■ What to do
Down to the last line of the listing, starting at the one with "Cute hippo. Vector", retype each line exactly. Do not copy the pictures.

■ Stored data
* * * * * * * * *

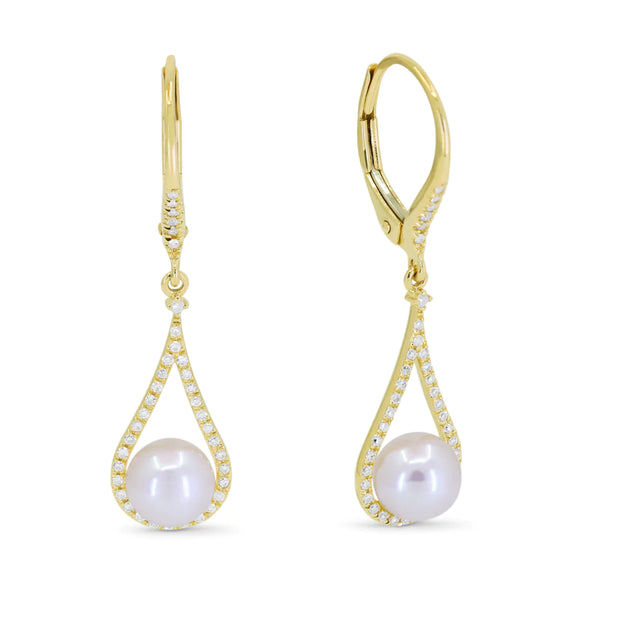 14K Yellow Gold Pearl & Diamond Pear Shape Drop Dangle Earrings. Bichsel Jewelry in Sedalia, MO. Shop styles online or in-store today!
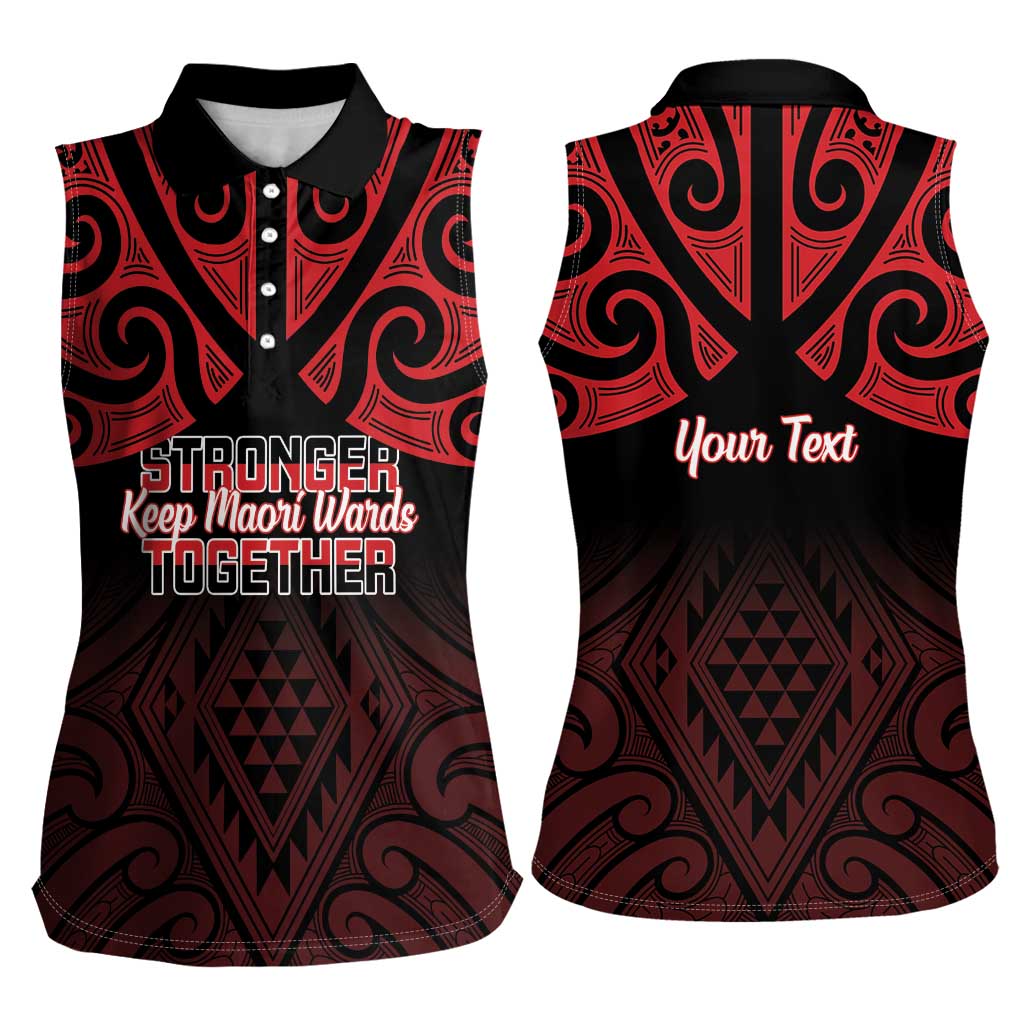 Personalised Keep Maori Wards New Zealand Women Sleeveless Polo Shirt Stronger Together Aotearoa Taniko - Vibe Hoodie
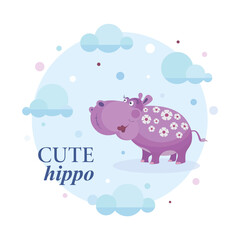 Cute hippo. Vector cartoon character. Emblem. Cute hippo on a background of the sky with clouds.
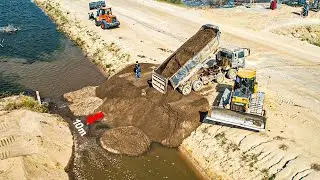 The Big Lake is being filled with sand thanks to new project& productive worker Dozer &12wheel truck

* * * * * * * * *

■ Output for this exercise
 Cute hippo. Vector cartoon character. Emblem. Cute hippo on a background of the sky with clouds.
 The Big Lake is being filled with sand thanks to new project& productive worker Dozer &12wheel truck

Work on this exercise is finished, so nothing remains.